W Ostatni akt łaski warto wejść głębiej chociażby dlatego, że rzadko pojawiają się u nas dzieła pisarzy ze Szwajcarii. Duvanel była także malarką i projektantką tkanin. Jej życie naznaczyły choroba psychiczna i pobyty w szpitalach, a zakończyła je prawdopodobnie ona sama, gdy zażyła leki nasenne w zimnym lesie i doprowadziła do śmierci z hipotermii.
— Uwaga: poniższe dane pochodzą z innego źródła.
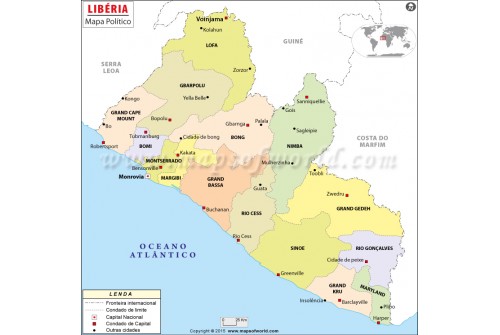 Liberia Map in Portuguese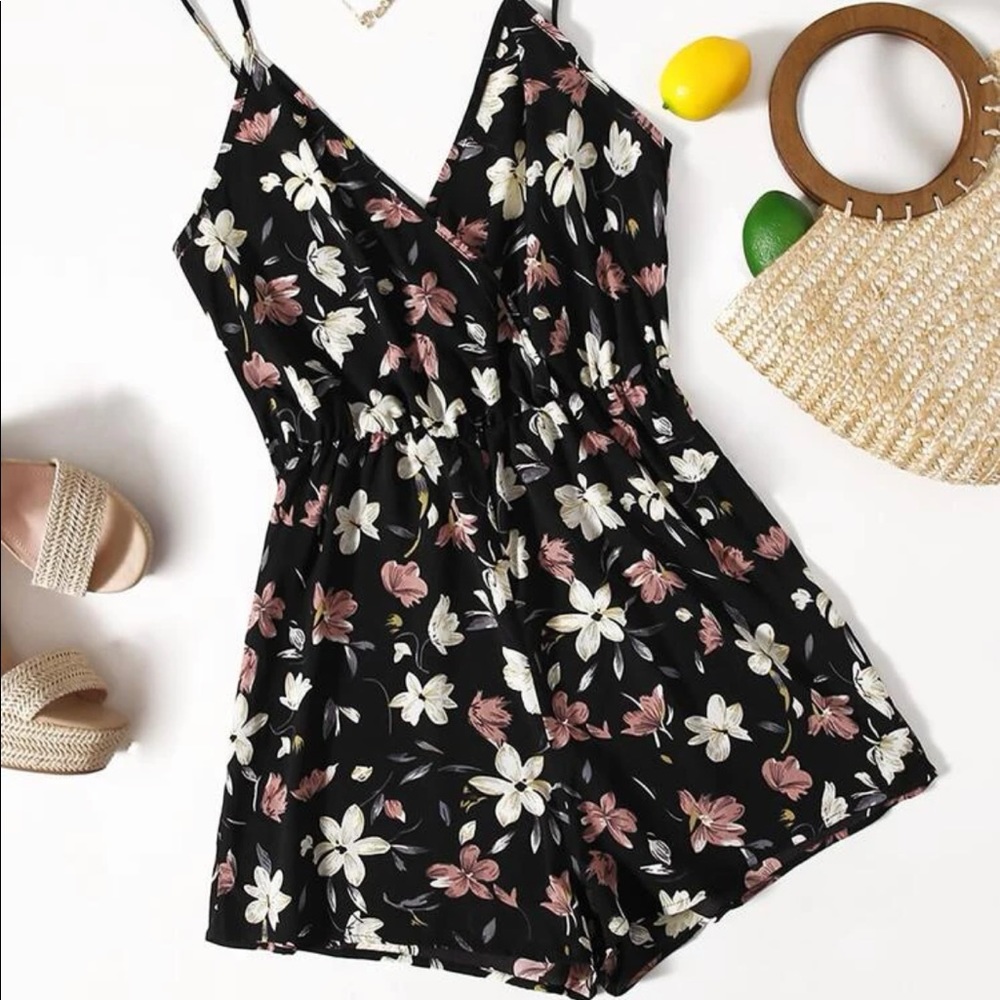 SHEIN Plus Floral Print Cami Romper Black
Jej twórczość – nagłośnioną dopiero po śmierci – nieraz porównuje się do Roberta Walsera czy Maxa Frischa, ale mi jej krótkie niepokojące obrazy przypominają raczej płótna Renégo Magritte’a, na których postacie stoją na wprost widza, a ich twarze zawsze coś przesłania.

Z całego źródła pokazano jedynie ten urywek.